New Edify Text-to-Visual Models
Picasso is the service, and Edify is the name of the new collection of text-to-visual models that Nvidia is promoting. These models include:
Text-to-image
Text-to-video
Text-to-3D
Getty is using the Edify text-to-image model as part of the Picasso foundation model creation service. Shutterstock is using the Edify text-to-3D model to create new 3D assets from its image catalog. While the text-to-image segment is maturing quickly and already has a lot of market momentum, text-to-video, and text-to-3D are segments still in their infancy. This may be a market where Nvidia could take the lead as opposed to playing catch-up with existing services and models.
Another noteworthy point is that you will hear Nvidia and its partners use the term “responsible content attribution.” This speaks to the controversial topic of attribution to artists that created images used for AI model training. Nvidia is in the early stages of developing new models with Adobe that support sourcing contributions by artists. However, this does not currently contemplate directly sourcing an image output to an image used in training.
The Getty approach is the most likely model for these programs currently in development. Getty is only using licensed content for training its foundation model. While the company will not be able to match a generated image directly with source images to indicate provenance, it will know the entire set of images that could have influenced the production.
NeMo (aka Megatron!)
Nvidia’s announcement about its NeMo text-to-text LLM service summarizes the solution as:
The NeMo cloud service that enables developers to make large language models (LLMs) more relevant for businesses by defining areas of focus, adding domain-specific knowledge and teaching functional skills … Models of varying sizes — from 8 billion to 530 billion parameters — available on the service are regularly updated with additional training data.
Nvidia’s Briski told me that the NeMo SDK is identical to the open source models that the company has previously published. Though Nvidia may contest the characterization that the NeMo service is competitive with OpenAI or other generative AI services, it is clearly a direct substitute.
Granted, Briski added that Nvidia is only focused on business-to-business applications, and “Most of our customers that were are working with want the flexibility to go on-prem. So, the ability to do a flexible deployment and run anywhere is the niche we are trying to hit.” An on-premises deployment is not an option today for OpenAI’s models.

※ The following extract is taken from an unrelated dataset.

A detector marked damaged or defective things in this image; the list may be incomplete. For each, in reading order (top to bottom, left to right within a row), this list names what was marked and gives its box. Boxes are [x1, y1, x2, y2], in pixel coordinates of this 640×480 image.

Briski also suggested that users can already access the foundational open source NeMo Megatron models today, so this isn’t exactly an entirely new product. The announcement is around the service packaging that Nvidia has created to provide additional value for developers.

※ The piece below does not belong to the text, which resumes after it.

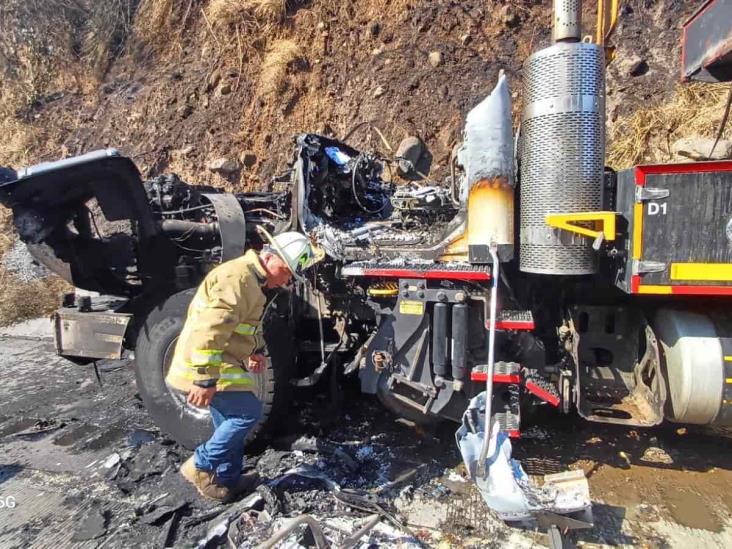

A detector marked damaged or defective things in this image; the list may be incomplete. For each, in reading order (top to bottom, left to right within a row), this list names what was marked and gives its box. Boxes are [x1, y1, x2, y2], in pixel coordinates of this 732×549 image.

burned tire [133, 288, 294, 448]
overturned vehicle [1, 65, 732, 450]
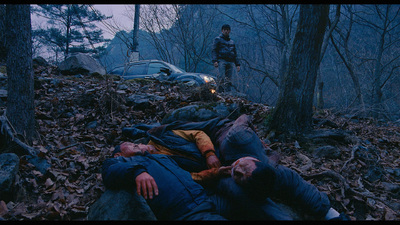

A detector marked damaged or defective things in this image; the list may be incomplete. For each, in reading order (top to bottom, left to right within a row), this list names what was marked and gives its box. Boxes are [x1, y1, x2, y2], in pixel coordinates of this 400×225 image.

crashed car [108, 59, 216, 86]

NeMo is offering three model sizes today, known as small, medium, and large. These equate to 8 billion, 43 billion, and 530 billion parameter models. All were trained on over 1 trillion tokens—a far larger data set than GPT-3—and the large model has undergone additional fine-tuning.
The standard context window for these models is 2k data tokens with an option of 4k. The models have been tested with 8k context windows, and a new feature will enable larger windows after additional testing is completed. This feature is less than GPT-4’s 32k maximum data token context window and half of GPT-3.5 and the GPT-4 standard model of 8k.

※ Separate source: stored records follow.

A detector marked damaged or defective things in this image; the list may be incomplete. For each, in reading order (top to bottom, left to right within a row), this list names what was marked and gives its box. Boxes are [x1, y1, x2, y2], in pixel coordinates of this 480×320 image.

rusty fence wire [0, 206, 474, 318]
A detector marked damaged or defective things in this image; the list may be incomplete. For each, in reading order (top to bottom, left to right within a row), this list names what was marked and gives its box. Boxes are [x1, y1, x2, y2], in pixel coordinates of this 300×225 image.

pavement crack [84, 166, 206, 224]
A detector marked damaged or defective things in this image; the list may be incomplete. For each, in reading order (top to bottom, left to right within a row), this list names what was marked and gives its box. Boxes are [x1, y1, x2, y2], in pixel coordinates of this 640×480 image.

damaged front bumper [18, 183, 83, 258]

Many people are unaware that the API for GPT-4, with the largest context window of 32k, is double the cost of using the 8k window and 3-6 times higher than the GPT-3.5 Davinci model. NeMo pricing is not currently available.
The Plot (and Competition) Thickens
There is a lot of focus on the battle between OpenAI + Microsft and Google. And there is also interest in the independent LLMs and text-to-image models and how they will compete with the tech giants. Nvidia just indirectly announced it is competing directly with all of these core technology providers and offering a packaged alternative for developers looking to create and operate generative AI applications.